# Black Friday Deals



## BigTlawn

Any word on Black Friday deals on lawn care supplies? I saw the YM add which made me think if anyone else will be offering any deals?


----------



## CenlaLowell

Nothing yet both I hope chemical warehouse does one


----------



## cldrunner

@CenlaLowell +1 on that. I will say it pays to shop around and know the discounts of each supplier. I bought 4 gallons of Bifen last year from CW at about $52 a gallon. Last week I bought 4 gallons and CW was $62.50 per gallon. Some of these suppliers charge tax and even shipping. I ended up getting it elsewhere for $56 a gallon with free shipping and no tax or tax included.


----------



## BigTlawn

Looks like Amazon has grubex 5000 sqft 50% off. You can only buy 3 bags

https://www.amazon.com/Scotts-GrubEx-Preventer-Japanese-Packaging/dp/B0050DV4ZW/ref=mp_s_a_1_1_sspa?crid=7VKSEFQCVZRS&keywords=grubex%2Bgrub%2Bkiller%2B5000%2Bsq%2Bft&qid=1637534020&sprefix=grubex%2B%2Caps%2C64&sr=8-1-spons&psc=1&spLa=ZW5jcnlwdGVkUXVhbGlmaWVyPUExRUhZWFlDUEIyQ09ZJmVuY3J5cHRlZElkPUEwMjU5NjA0MVkwN0IzTkRRREpYOCZlbmNyeXB0ZWRBZElkPUEwODk1NzEwMzZMRFhBTEY2S04zTiZ3aWRnZXROYW1lPXNwX3Bob25lX3NlYXJjaF9hdGYmYWN0aW9uPWNsaWNrUmVkaXJlY3QmZG9Ob3RMb2dDbGljaz10cnVl&th=1


----------



## CenlaLowell

cldrunner said:


> @CenlaLowell +1 on that.

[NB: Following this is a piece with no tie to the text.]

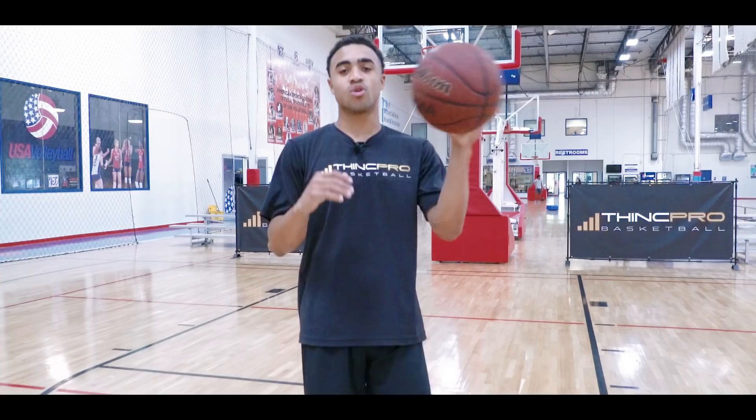What's up Hoopers? It's Coach Alex from ThinkPro Basketball and in today's video we're gonna go over how to finish over a taller defender using your weak hand. Let's get started.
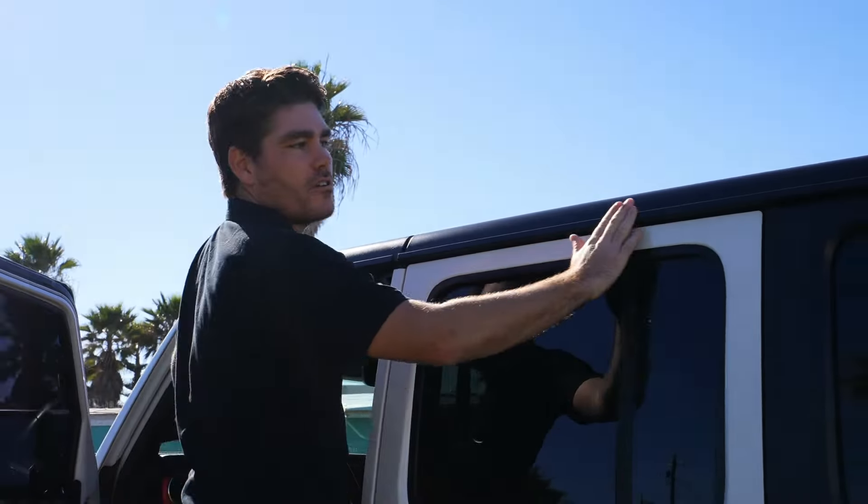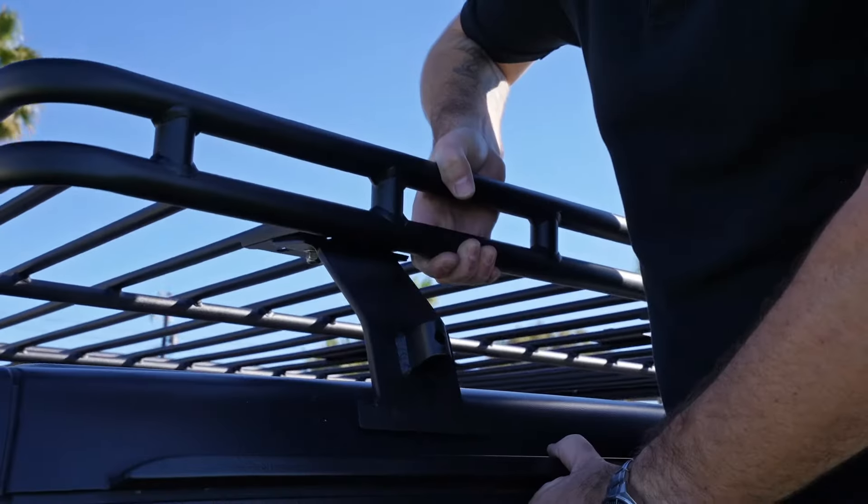There are six brackets that you'll need to install onto the standard roof basket before you put it onto your JL. Each one will go onto one of these plates. You're gonna want to leave the first notch exposed when you mount the bracket on there, and that'll show you three notches in the center. You'll run your bolt up through the center of the third notch, which is the fifth notch back from the edge.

I will say it pays to shop around and know the discounts of each supplier. I bought 4 gallons of Bifen last year from CW at about $52 a gallon. Last week I bought 4 gallons and CW was $62.50 per gallon. Some of these suppliers charge tax and even shipping. I ended up getting it elsewhere for $56 a gallon with free shipping and no tax or tax included.

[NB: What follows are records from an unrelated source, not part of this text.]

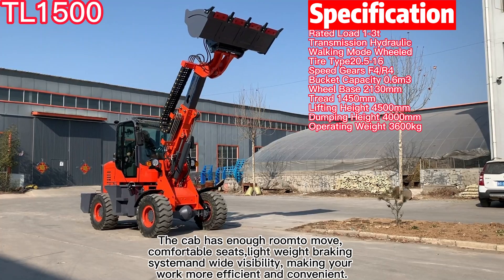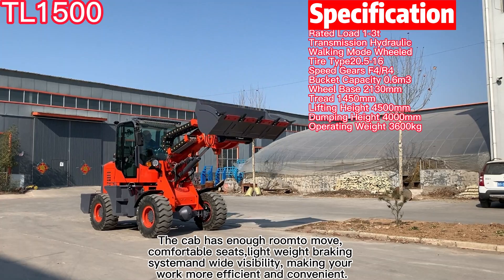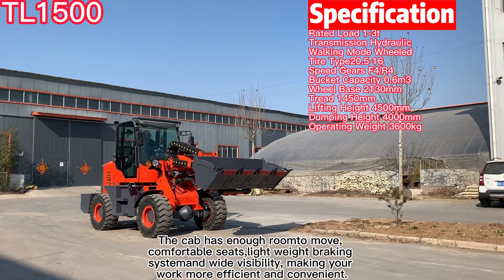The cab has enough room to move, comfortable seats, lightweight braking system, and wide visibility, making your work more efficient and convenient.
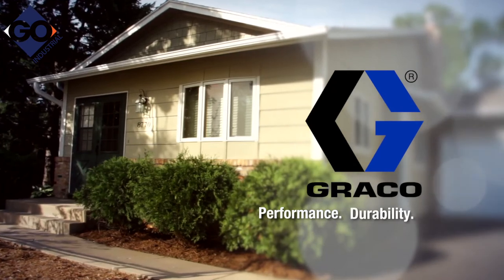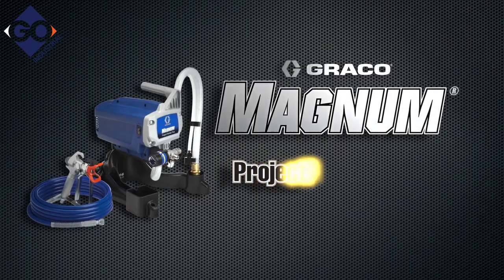Performance, durability and quality from Graco. Magnum Project Painter Plus.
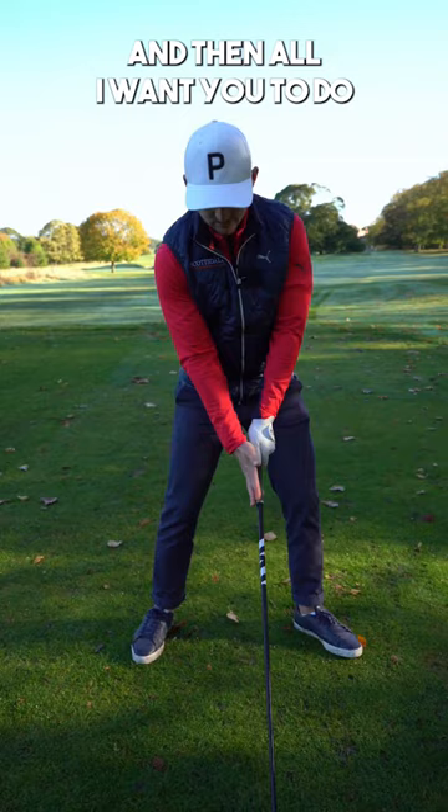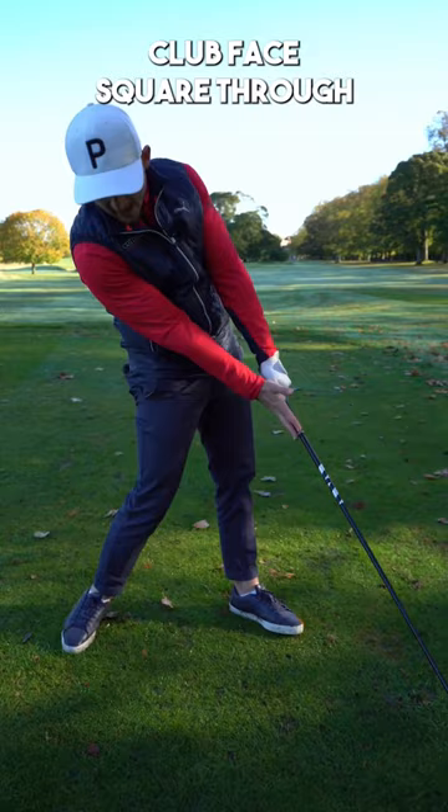All I want you to do is make some half swings, concentrating on keeping that club face square through that avenue — not palm flipping on top or working under. Keep it on the side to keep it squarer for longer.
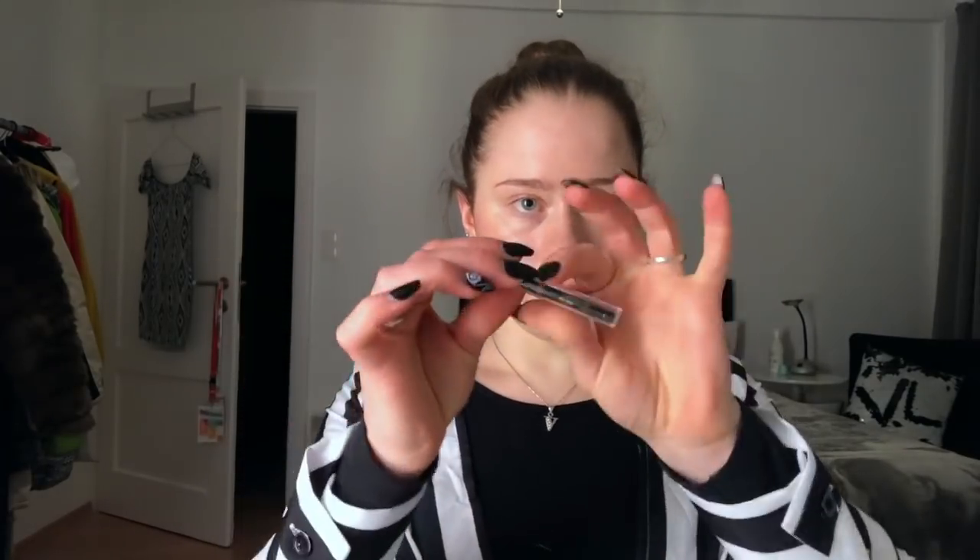Now I'll use this — it's almost all out, but I have a new one. Do you guys love it when you have new products? When you have a new lipstick and you open it up and it's this perfect new one — isn't that the most amazing feeling? This one has been new too and now it's already used. You know what I mean, right?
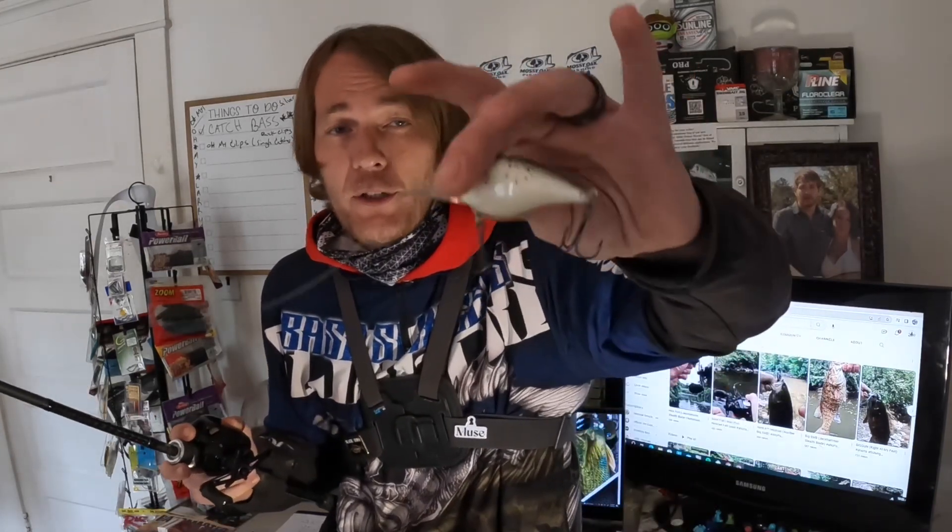You want to let it load up, get tight, and then just lean into it, because we're trying to avoid pulling the treble hooks out. By letting it load up when you lean into it, it's going to sink those treble hooks in. Make sure you do have good hooks on your crankbaits, because a lot of times bass won't actually bite into a crankbait — they'll come up and swipe at it. If you don't have good hooks, you're definitely not pinning them on just a straight swipe.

Tell me about it. I buy chemicals any time I can catch a sell.


----------



## San

BigTlawn said:


> Looks like Amazon has grubex 5000 sqft 50% off. You can only buy 3 bags
> 
> https://www.amazon.com/Scotts-GrubEx-Preventer-Japanese-Packaging/dp/B0050DV4ZW/ref=mp_s_a_1_1_sspa?crid=7VKSEFQCVZRS&keywords=grubex%2Bgrub%2Bkiller%2B5000%2Bsq%2Bft&qid=1637534020&sprefix=grubex%2B%2Caps%2C64&sr=8-1-spons&psc=1&spLa=ZW5jcnlwdGVkUXVhbGlmaWVyPUExRUhZWFlDUEIyQ09ZJmVuY3J5cHRlZElkPUEwMjU5NjA0MVkwN0IzTkRRREpYOCZlbmNyeXB0ZWRBZElkPUEwODk1NzEwMzZMRFhBTEY2S04zTiZ3aWRnZXROYW1lPXNwX3Bob25lX3NlYXJjaF9hdGYmYWN0aW9uPWNsaWNrUmVkaXJlY3QmZG9Ob3RMb2dDbGljaz10cnVl&th=1


Bought this last time it was on sale, but through Walmart, to avoid the 3 bag limit: https://www.walmart.com/ip/Scotts-GrubEx1-Season-Long-Grub-Killer-14-35-lbs-5-000-sq-ft/17190373?wmlspartner=wlpa&selectedSellerId=0&&adid=22222222227000000000&wl0=&wl1=g&wl2=c&wl3=42423897272&wl4=pla-51320962143&wl5=9002142&wl6=&wl7=&wl8=&wl9=pla&wl10=8175035&wl11=online&wl12=17190373&veh=sem&gclid=CjwKCAiAv_KMBhAzEiwAs-rX1HZk61ablA-QMP1Fuk0Xs1PU6UNUxX_ZDNmZYsApX-8M8cGoLS0_dhoCREIQAvD_BwE&gclsrc=aw.ds


----------



## San

Weather station on sale, Ambient Weather WS-2902C WiFi Smart Weather Station for $136

https://www.amazon.com/Ambient-Weather-WiFi-Station/dp/B01N5TEHLI/&tag=lawnforum-20


----------



## NJ-lawn

I'm looking for a sprayer…….my Chapin 20volt just died.


----------



## Ware

Volt Lighting has 10% off site wide through cyber Monday with code GOBBLE. I think that's as good a deal as I've ever seen them do.


----------



## itsmejson

Ware said:


> Volt Lighting has 10% off site wide through cyber Monday with code GOBBLE. I think that's as good a deal as I've ever seen them do.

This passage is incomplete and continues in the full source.